Researchers in Rochester have developed a new cell therapy that could treat Parkinson’s disease, a neurological disorder which affects motor function. The study from the University of Rochester Medical Center suggests this new approach could not only halt progression of the disease, but also reverse its impact on the brain.
Approximately 1 million Americans suffer from Parkinson’s disease, and that number’s set to rise as the population ages.
There’s no cure for the disorder, and current treatments tend to focus on repairing only one cell type. The problem is, many different kinds of cells are damaged as the disease progresses.
Now, researchers have found a way to use supporter cells known as astrocytes to spur wider recovery throughout the brain.
“So we can think of them as a work crew that delivers multiple tools at the same time, each of which can target a different cell population,” says lead author Chris Proschel.
Proschel says they were careful to begin their treatment only after their lab mice had developed signs of Parkinson’s disease. He says this delay is important because it mimics the way therapies are actually used in humans, where damage has occurred and symptoms have presented before any treatment is carried out.
And, he says, the results were promising.
“We do think, because of the way the animal trials were set up that these cells are capable of recovering function, not just stopping the progression of the disease. And it is always possible to combine this particular approach with neural replacement therapies to boost the gain even higher and to get possibly even better recovery.”
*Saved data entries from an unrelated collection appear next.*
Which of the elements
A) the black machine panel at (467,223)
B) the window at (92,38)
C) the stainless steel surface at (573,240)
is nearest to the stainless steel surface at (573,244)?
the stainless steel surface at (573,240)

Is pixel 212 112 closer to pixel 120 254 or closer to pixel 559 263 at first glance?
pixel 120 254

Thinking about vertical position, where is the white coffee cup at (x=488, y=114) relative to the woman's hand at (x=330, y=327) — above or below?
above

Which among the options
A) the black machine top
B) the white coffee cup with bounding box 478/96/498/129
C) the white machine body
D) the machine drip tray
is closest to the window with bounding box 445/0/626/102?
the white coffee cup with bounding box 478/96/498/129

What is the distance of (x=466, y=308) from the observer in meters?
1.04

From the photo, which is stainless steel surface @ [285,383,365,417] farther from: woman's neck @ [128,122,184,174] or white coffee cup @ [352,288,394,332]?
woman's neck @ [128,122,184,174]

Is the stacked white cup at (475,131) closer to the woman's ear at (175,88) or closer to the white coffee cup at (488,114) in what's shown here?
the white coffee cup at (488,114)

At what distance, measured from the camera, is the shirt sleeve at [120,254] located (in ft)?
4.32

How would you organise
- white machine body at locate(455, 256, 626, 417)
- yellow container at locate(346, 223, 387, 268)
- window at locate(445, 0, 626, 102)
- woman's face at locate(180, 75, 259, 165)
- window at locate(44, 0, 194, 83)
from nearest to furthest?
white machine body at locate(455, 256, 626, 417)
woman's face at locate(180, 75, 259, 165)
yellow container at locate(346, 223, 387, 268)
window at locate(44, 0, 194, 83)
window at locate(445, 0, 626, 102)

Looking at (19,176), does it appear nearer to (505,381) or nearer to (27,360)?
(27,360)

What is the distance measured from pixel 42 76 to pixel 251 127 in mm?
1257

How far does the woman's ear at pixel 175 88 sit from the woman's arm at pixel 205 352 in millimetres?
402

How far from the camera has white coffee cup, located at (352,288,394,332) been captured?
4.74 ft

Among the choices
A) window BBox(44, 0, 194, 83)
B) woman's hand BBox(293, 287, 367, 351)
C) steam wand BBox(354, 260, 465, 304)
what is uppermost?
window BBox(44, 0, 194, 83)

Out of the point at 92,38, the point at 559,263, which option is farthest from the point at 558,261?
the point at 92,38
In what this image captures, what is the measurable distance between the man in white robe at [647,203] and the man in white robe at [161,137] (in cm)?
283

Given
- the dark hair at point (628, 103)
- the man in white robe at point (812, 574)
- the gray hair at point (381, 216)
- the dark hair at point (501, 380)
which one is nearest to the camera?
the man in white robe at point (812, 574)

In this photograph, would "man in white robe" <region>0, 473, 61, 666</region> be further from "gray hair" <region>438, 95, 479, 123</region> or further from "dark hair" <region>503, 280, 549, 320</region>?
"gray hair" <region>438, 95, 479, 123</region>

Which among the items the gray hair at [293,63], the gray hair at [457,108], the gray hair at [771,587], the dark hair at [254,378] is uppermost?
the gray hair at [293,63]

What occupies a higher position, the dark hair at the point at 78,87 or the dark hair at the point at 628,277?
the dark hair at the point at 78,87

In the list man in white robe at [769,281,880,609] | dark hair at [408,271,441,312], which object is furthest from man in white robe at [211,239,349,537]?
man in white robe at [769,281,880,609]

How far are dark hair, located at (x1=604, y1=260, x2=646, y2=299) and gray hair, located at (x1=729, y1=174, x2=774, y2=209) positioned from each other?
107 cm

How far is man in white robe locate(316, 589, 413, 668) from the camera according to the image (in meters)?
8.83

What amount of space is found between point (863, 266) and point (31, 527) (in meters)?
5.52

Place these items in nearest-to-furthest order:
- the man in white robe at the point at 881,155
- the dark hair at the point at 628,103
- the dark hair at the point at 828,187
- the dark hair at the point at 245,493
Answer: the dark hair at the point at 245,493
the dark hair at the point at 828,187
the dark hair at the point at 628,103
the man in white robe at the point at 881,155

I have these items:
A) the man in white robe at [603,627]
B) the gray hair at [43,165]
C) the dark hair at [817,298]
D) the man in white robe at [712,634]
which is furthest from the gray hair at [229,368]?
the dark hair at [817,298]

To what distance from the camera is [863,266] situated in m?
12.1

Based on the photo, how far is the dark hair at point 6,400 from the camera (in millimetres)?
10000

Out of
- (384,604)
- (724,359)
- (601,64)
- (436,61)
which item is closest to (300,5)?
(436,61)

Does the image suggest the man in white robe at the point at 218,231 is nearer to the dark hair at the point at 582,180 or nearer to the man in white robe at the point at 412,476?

Proschel says astrocytes are usually overlooked, but they play a critical role in the brain. He says his team has identified a way to manipulate the cells that produce astrocytes, meaning they can produce them in their most useful form to treat Parkinson’s.
“Astrocytes are increasingly becoming important as players in the brain. We have been lucky in a way that we were able to identify the precursors that produce these astrocytes so that we’re not dependent on isolating them directly from tissue, but we can actually generate them in the culture dish in a way that makes them as useful as possible."
Proschel says other degenerative diseases share a similar process to Parkinson’s, and he’s hopeful their approach could be useful in developing therapies for a wider range of disorders.
“Several other neurodegenerative diseases have a lot of similarities to the underlying pathologies in Parkinson’s disease. So that might suggest that this approach could also be useful for populations like in Alzheimer’s which have an even greater number of patients affected.”